:: EXERCISE INPUT ::
========

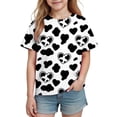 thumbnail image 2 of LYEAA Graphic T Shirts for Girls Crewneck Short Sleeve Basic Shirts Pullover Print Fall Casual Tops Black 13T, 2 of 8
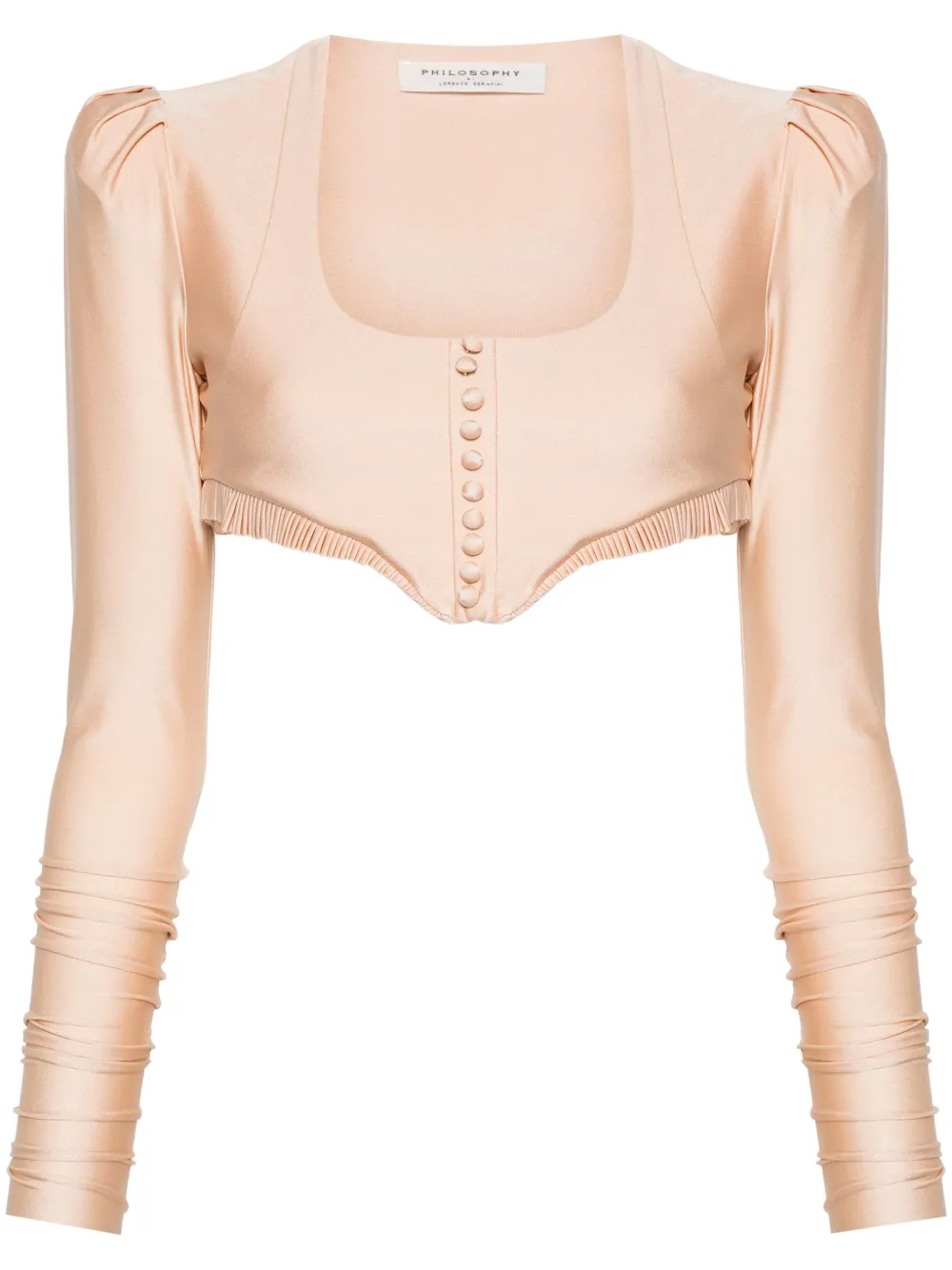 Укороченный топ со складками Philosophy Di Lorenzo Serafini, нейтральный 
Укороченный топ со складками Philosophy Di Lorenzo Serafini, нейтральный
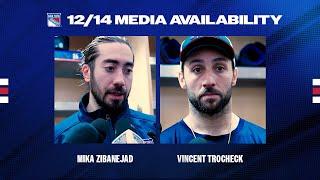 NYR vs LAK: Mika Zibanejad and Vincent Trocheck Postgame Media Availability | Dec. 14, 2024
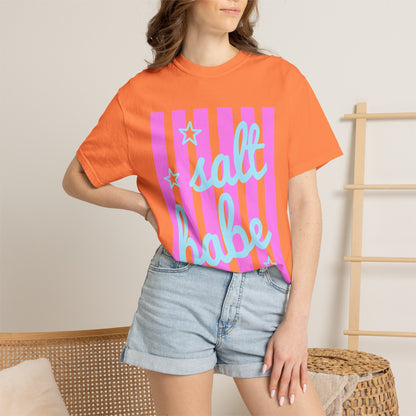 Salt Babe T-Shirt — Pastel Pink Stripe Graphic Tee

========

Retype the listing above exactly, please. Pictures do not belong in the copy.

:: ANSWER TO THE PROBLEM ::
 thumbnail image 2 of LYEAA Graphic T Shirts for Girls Crewneck Short Sleeve Basic Shirts Pullover Print Fall Casual Tops Black 13T, 2 of 8
 Укороченный топ со складками Philosophy Di Lorenzo Serafini, нейтральный 
Укороченный топ со складками Philosophy Di Lorenzo Serafini, нейтральный
 NYR vs LAK: Mika Zibanejad and Vincent Trocheck Postgame Media Availability | Dec. 14, 2024
 Salt Babe T-Shirt — Pastel Pink Stripe Graphic Tee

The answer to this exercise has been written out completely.